My second DFWCon was fun, because I got to meet so many of my online writing and blogging pals that I can’t list them all. But they gave me courage. Oh, yes. No hiding in the dark corner, not even with Melinda (who shared all these mutual friends with me). Yes, I’m quite aware that I was hiding among my friends. They helped me feel brave.
Nicole and I shared a hotel room so we could take Les Edgerton‘s pre-conference workshop Friday morning without the rush hour drive to get there. He’s presented at WANACon before, and I love his craft book, Hooked. I fangirled a little when he signed my copy. He’s a great guy and a fabulous teacher.

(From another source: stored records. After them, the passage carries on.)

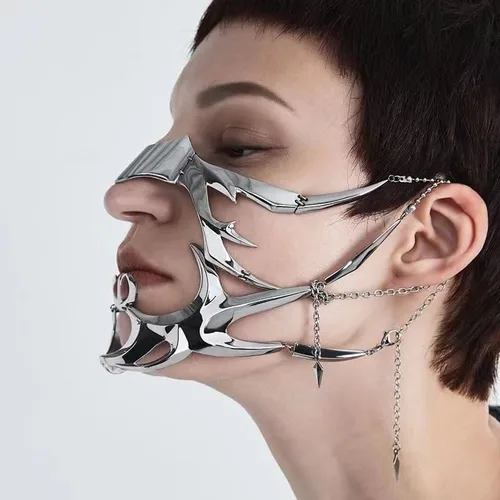 Vista 5 de Máscara mecánica punk para mujeres y hombres, Halloween, fiesta, baile de graduación, máscara de metal, máscara de cosplay, joyería de Halloween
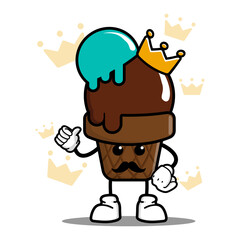 cute king ice cream cartoon mascot character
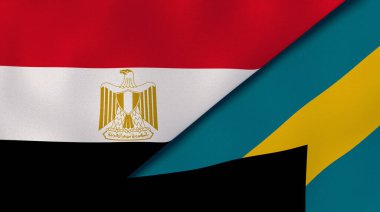 Mısır ve Bahamalar 'ın iki bayrağı. Kaliteli bir iş geçmişi. 3d illüstrasyon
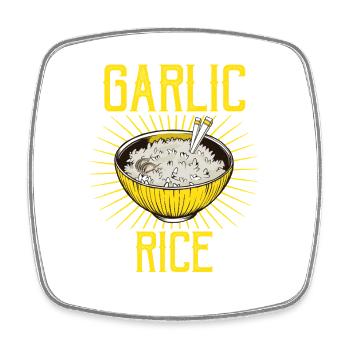 Délice à l’ail Rice Chef Amoureux Chef - Magnet carré - blanc - Devant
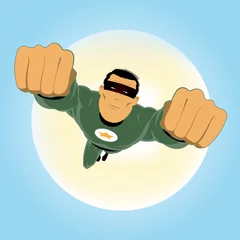 Foto auf Acrylglas Superhelden Comic-ähnlicher grüner Superheld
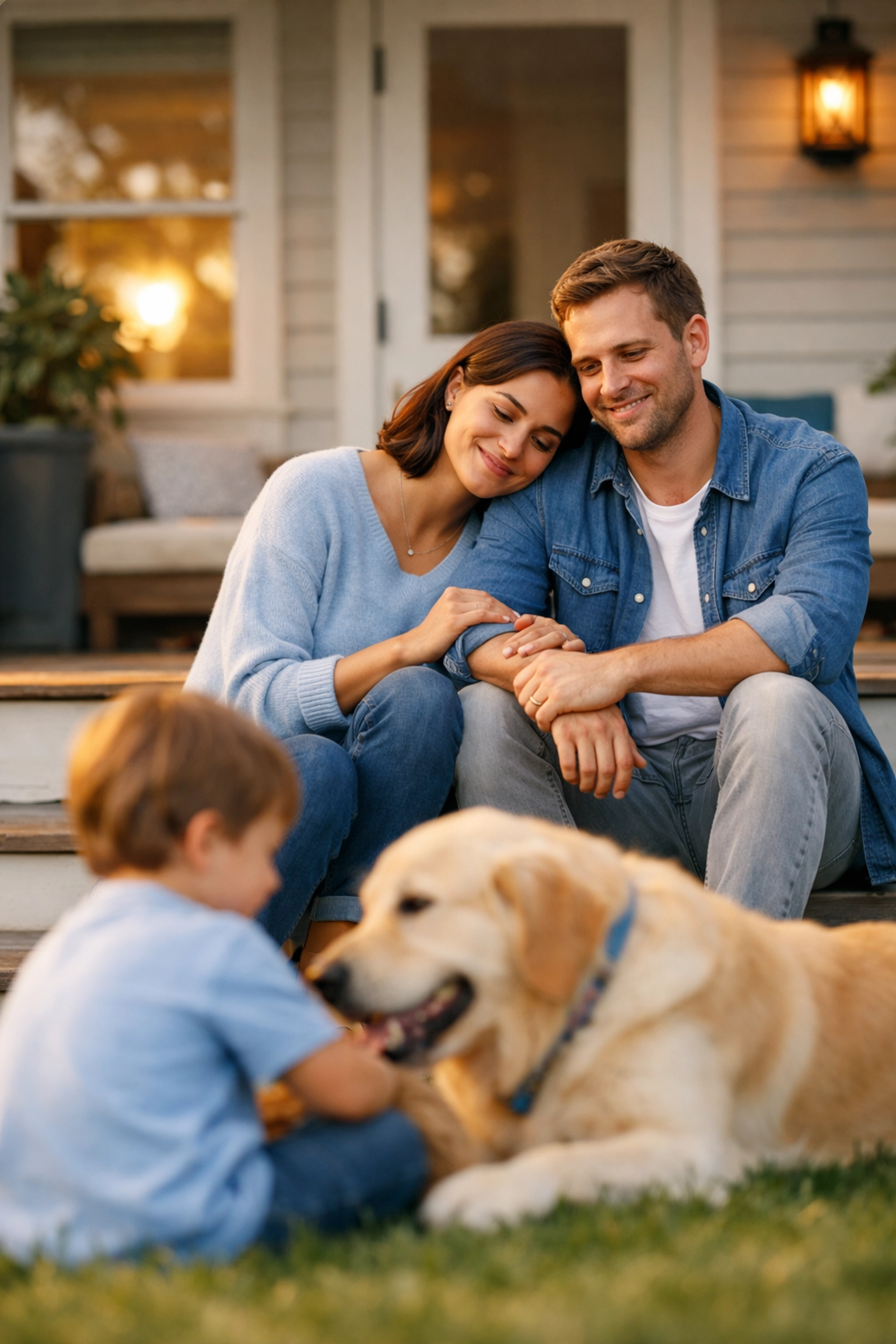 Young California family on porch, representing peace of mind with term life insurance coverage.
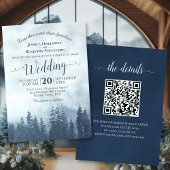 Misty Blue Mountain Pines Rustieke QR Code Bruilof Kaart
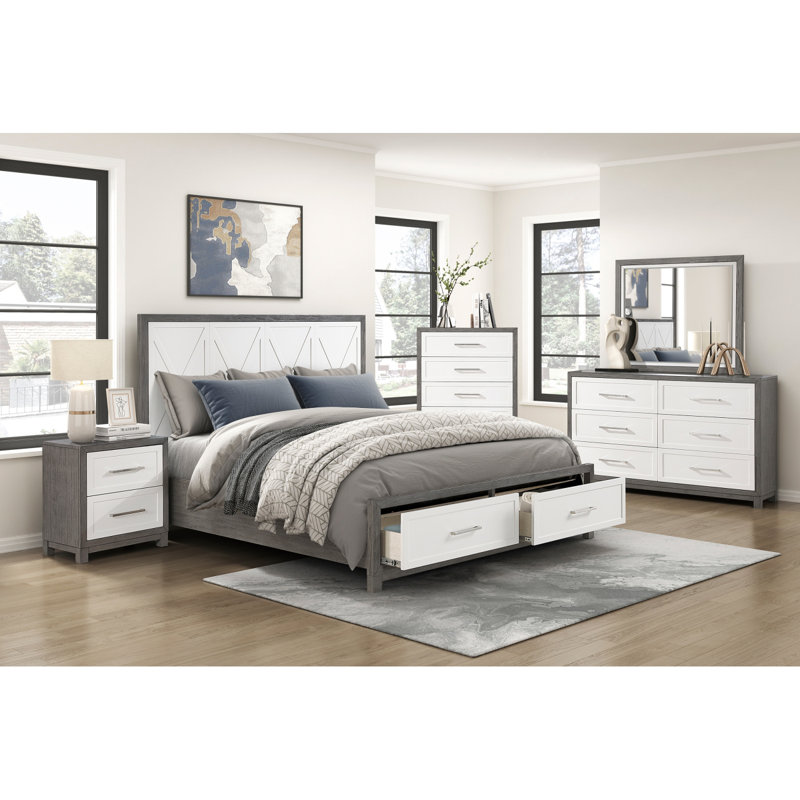 Commode gris ivoire, commode à six tiroirs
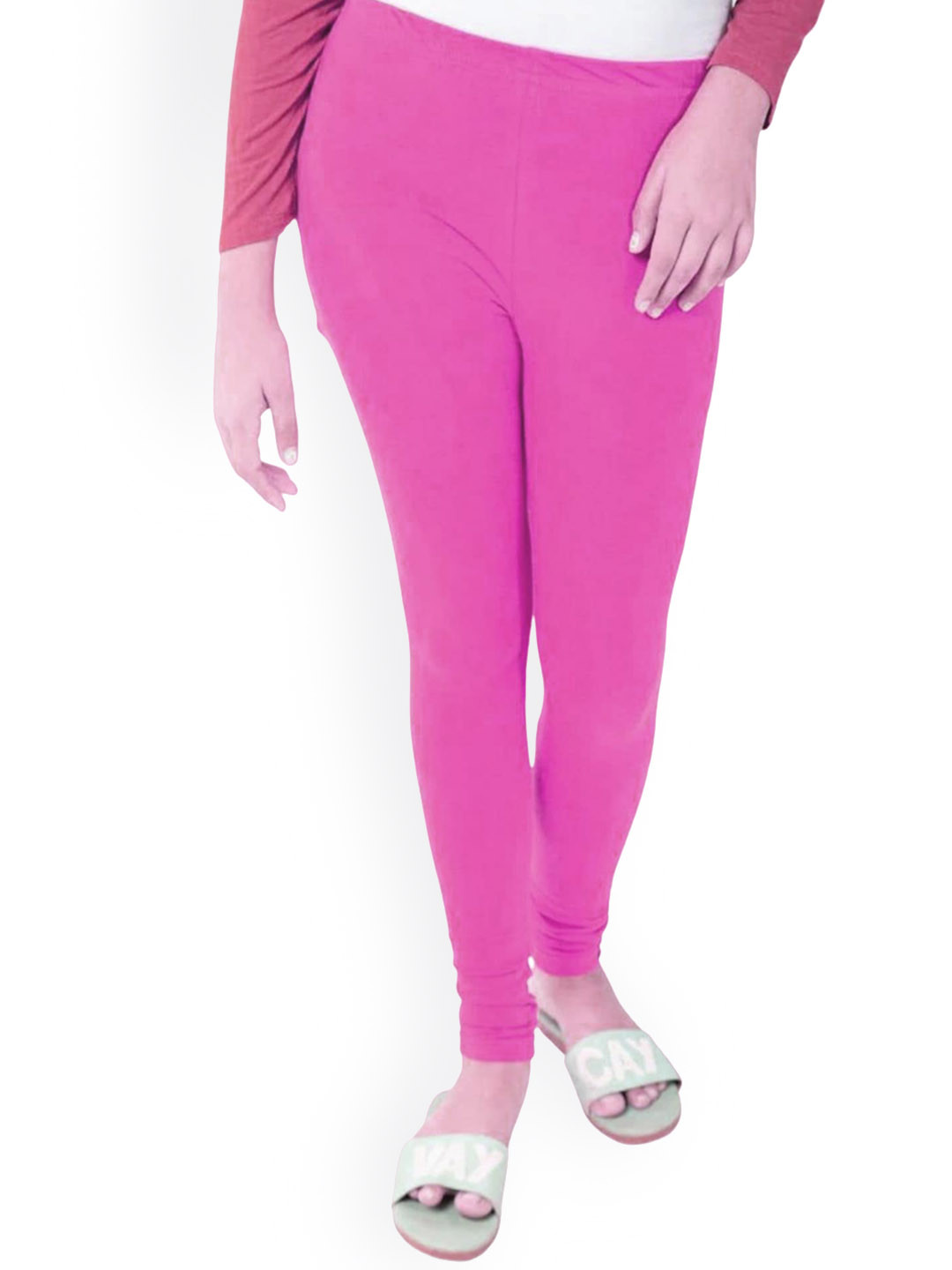 

FRENCH KLEIDER Girls Pure Cotton Churidar Length Leggings, Pink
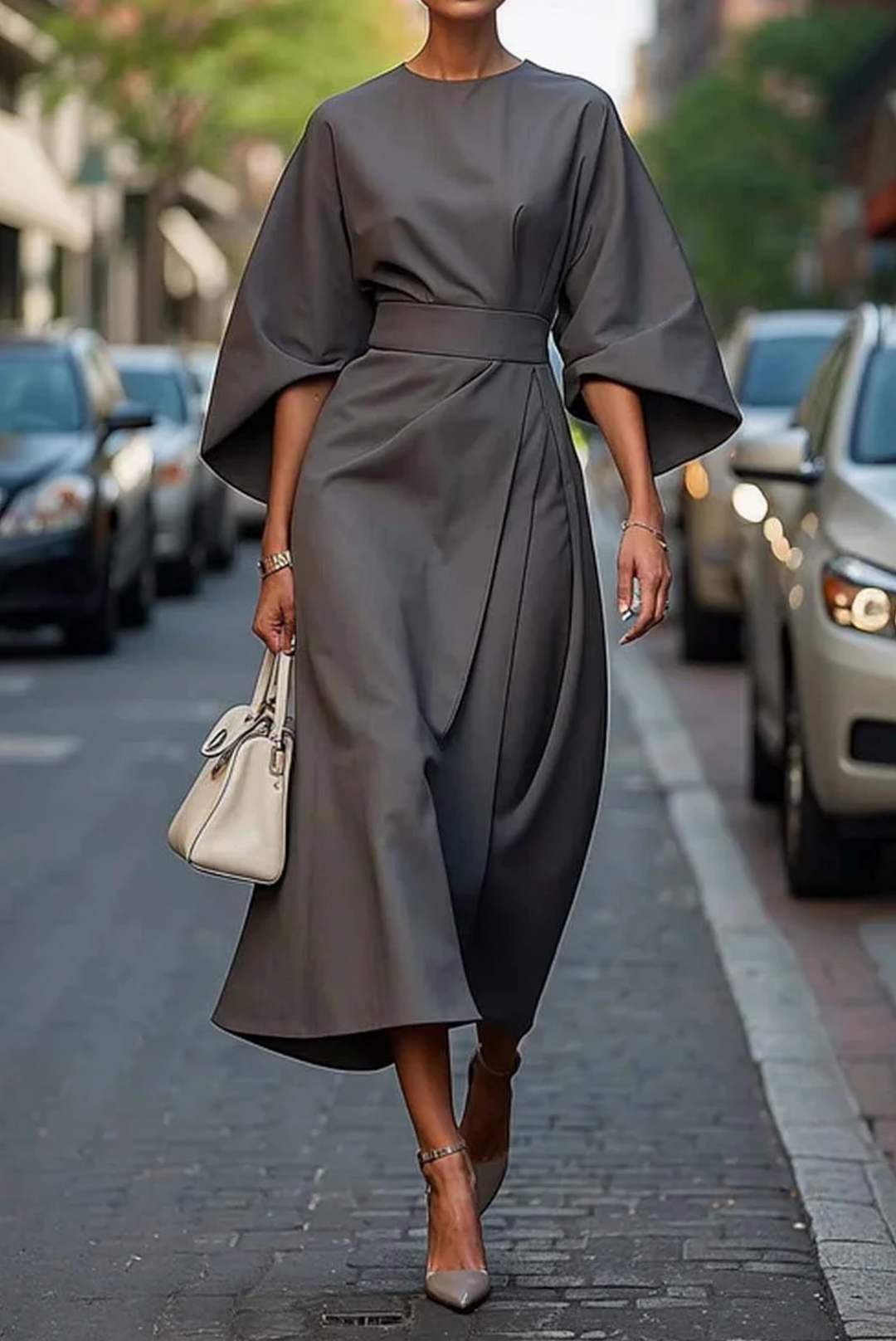 Midi jurk dames | Elegante jurk met lantaarnmouwen en ceintuur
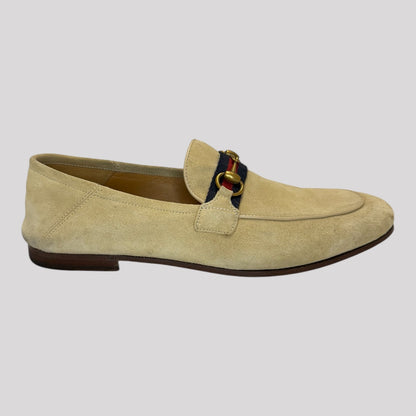 Gucci Brixton Horsebit Suede Loafers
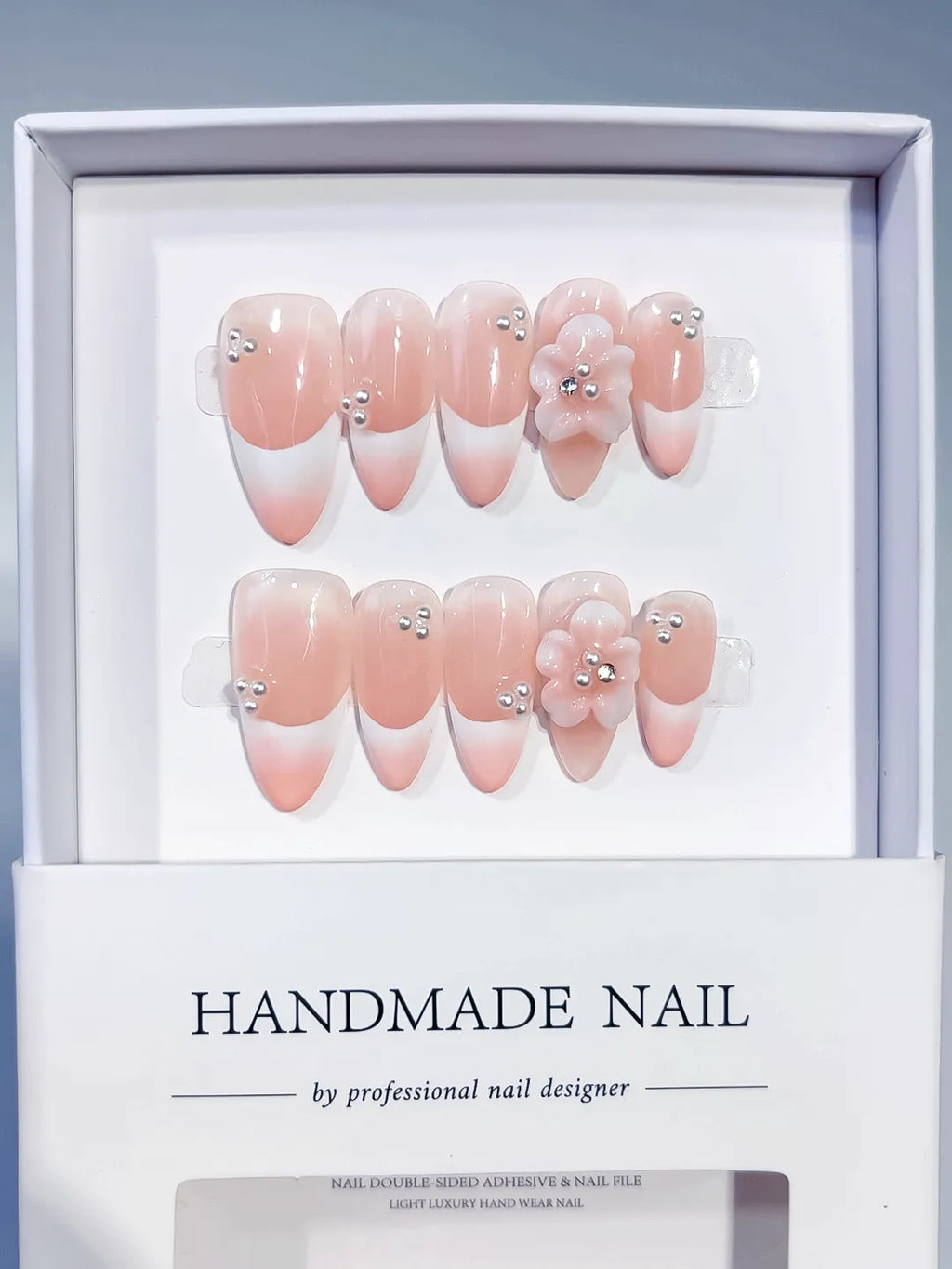D595 - Medium Pink White Almond French tip Flower Rhinestone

However, one thing that I’m overwhelmed by, no, grateful for is that I didn’t hide in the dark corners. I didn’t hide at all. This is huge for me. I met so many amazing people—writers, teachers, agents. I hate labeling myself as an introvert, because I have extrovert tendencies in the right circumstances.
The people. All the people!
I loved seeing familiar faces and catching up with friends from previous years. Spending extra time with WANA Mama Kristen Lamb is always fun and educational (if not a little irreverent sometimes). Listening to Les and Kristen tell stories… I have no words, just laughter. And, no, I can’t repeat most of those tales. (A chicken and kool-aid and snakes may or may not have to be involved first.)
This time, I refused to hide. I introduced myself, traded business cards, and chatted with people—even the ones I’d never met before. A few of them even recognized Mermaids Don’t Do Windows. How cool is that?
In the query letter critique session I attended, I met middle grade writers who live within 25 minutes of me. They’ve been there this whole time and I didn’t know it. What?! A local critique group is in the works now. (I may have to herd cats to get us all together. Just so you know, I’m the cat that requires herding.)
Liza, Nicole, and I met Laura. We decided that she must have been separated from us at birth. Now our online writing group has a fourth.
How NOT to hide in a corner
- Have your business cards handy. Make sure you have more than you think you’ll need, so you don’t run out.
- Greet people with a smile and ask them about their work. Get them talking about themselves, and you won’t have to talk at all. 😉
- Allow yourself to recharge in bursts. If you happen to have friends with you, use their life sources. 🙂 (Totally kidding, Roomie! Maybe.)
- Go to the unofficial, pre-conference mixer, if there is one. That’s where we met Laura (and JD, Sean, Sarah, Michele, Don, Tanya, and many others). Familiar faces keep you out of dark corners.
- Stay under shiny, sparkly lights. Dark shadows do not look good on anyone.
- Have fun!
Would you rather hide in dark corners or sit under the sparkly lights? Do you like going to conferences (writing or otherwise)? Tell me stories!